= Directions =
Here is the task for the listing below: output exactly the lines from the one containing "تصویر کینکت ایکس" through the one containing "Paraurti POST AV1117906ADW Ford B-max 2012", and leave out the pictures.

= Data in this exercise =
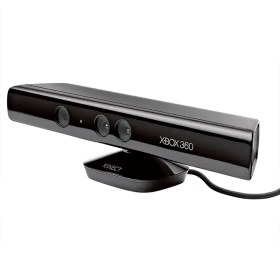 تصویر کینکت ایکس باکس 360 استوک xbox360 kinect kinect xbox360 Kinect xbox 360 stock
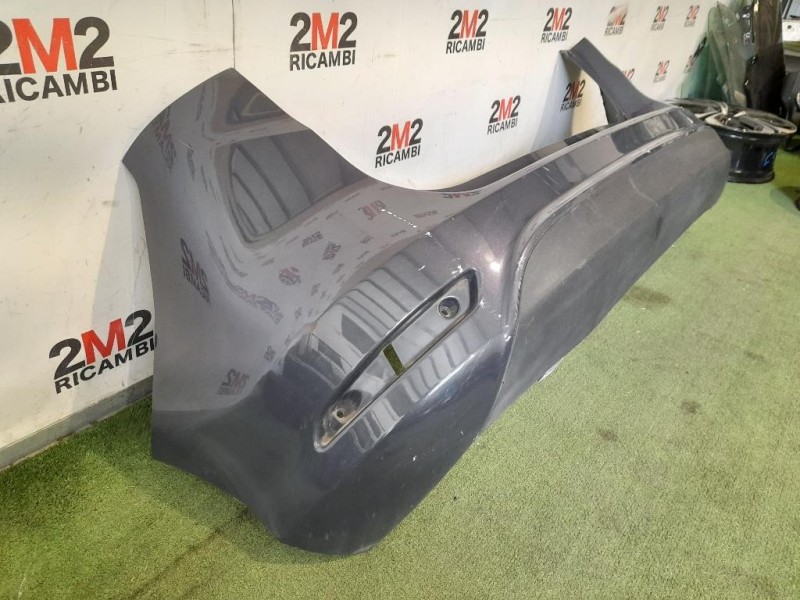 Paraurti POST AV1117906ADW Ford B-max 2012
---
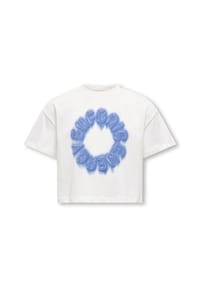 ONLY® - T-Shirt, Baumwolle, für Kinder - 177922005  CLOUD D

= Task answer =
 تصویر کینکت ایکس باکس 360 استوک xbox360 kinect kinect xbox360 Kinect xbox 360 stock
 Paraurti POST AV1117906ADW Ford B-max 2012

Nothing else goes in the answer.